* _Task instructions_
Here the job is to transcribe only the lines from the one containing "15809 Venus Place photo 3" through the last line below, exactly as written; please leave out pictures.

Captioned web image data
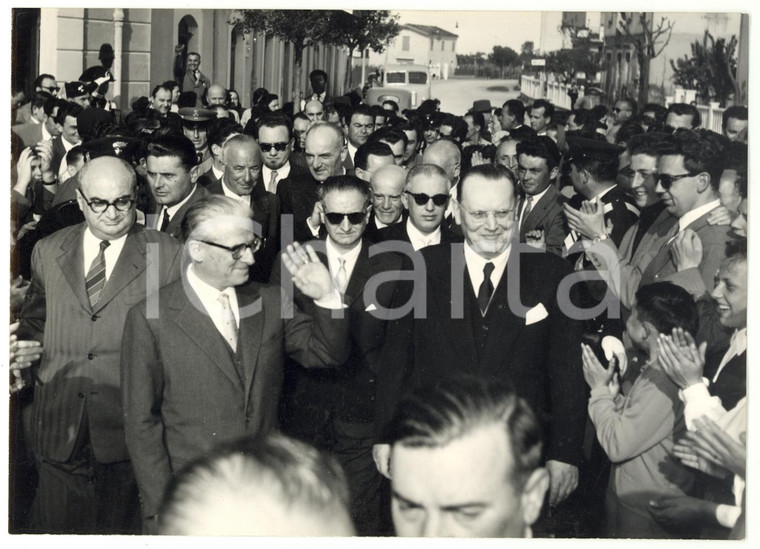 1955 ca SAN MAURO PASCOLI (FC) Arrivo di Giovanni GRONCHI in visita *Foto 18x13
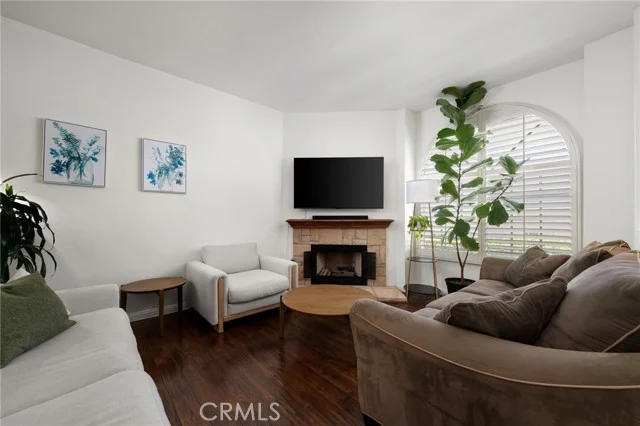 15809 Venus Place photo 3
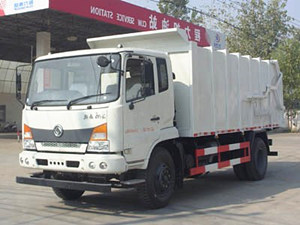 國五東風(fēng)嘉運(yùn)壓縮式對接垃圾車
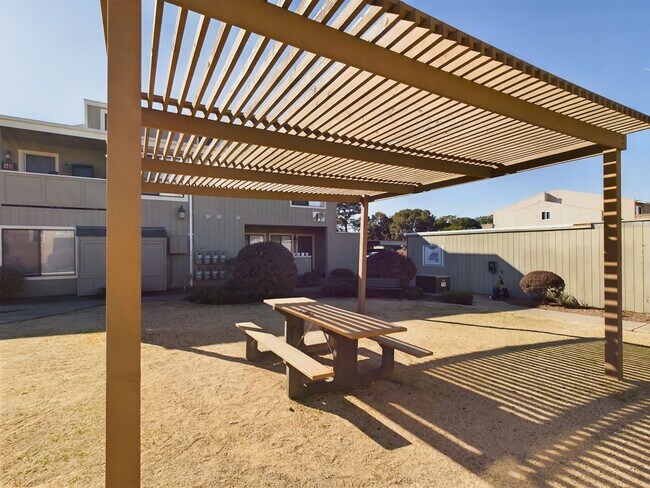 Building Photo - Remodeled 2-bedroom loft unit now available for rent!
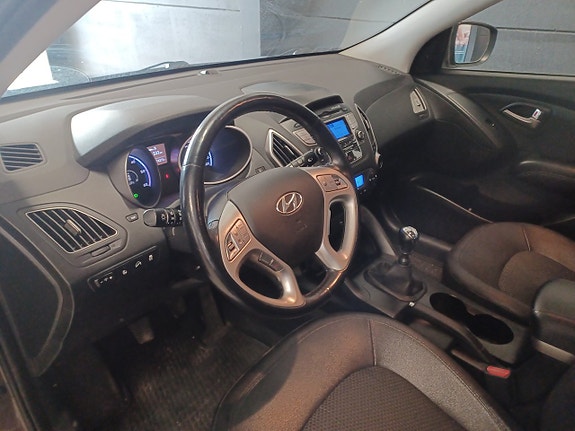 Hyundai ix35 12 of 16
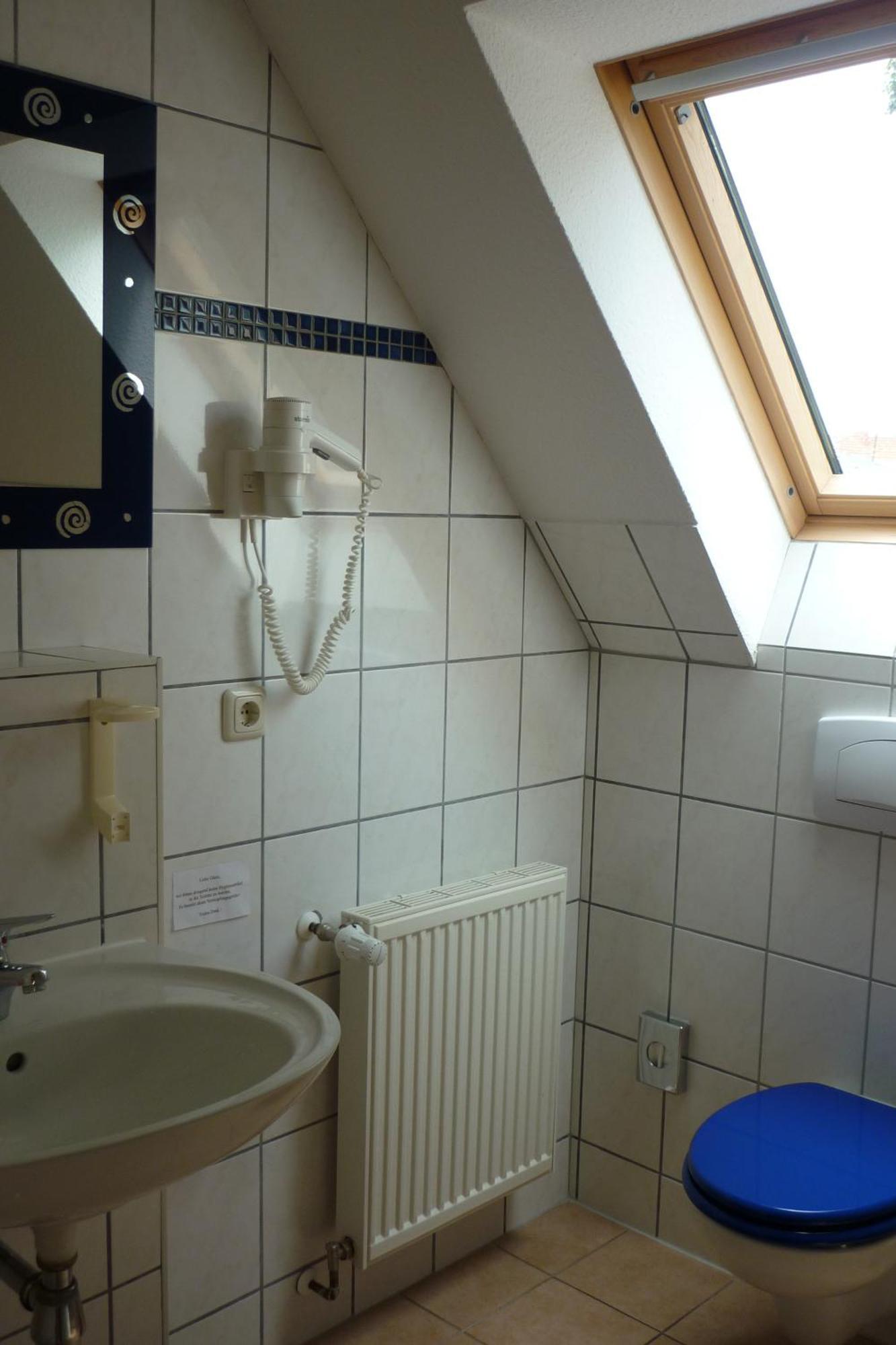 Wirtshaus Neuenkirchen Hotel Neuenkirchen auf Rugen Екстериор снимка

* _Exercise output_
 15809 Venus Place photo 3
 國五東風(fēng)嘉運(yùn)壓縮式對接垃圾車
 Building Photo - Remodeled 2-bedroom loft unit now available for rent!
 Hyundai ix35 12 of 16
 Wirtshaus Neuenkirchen Hotel Neuenkirchen auf Rugen Екстериор снимка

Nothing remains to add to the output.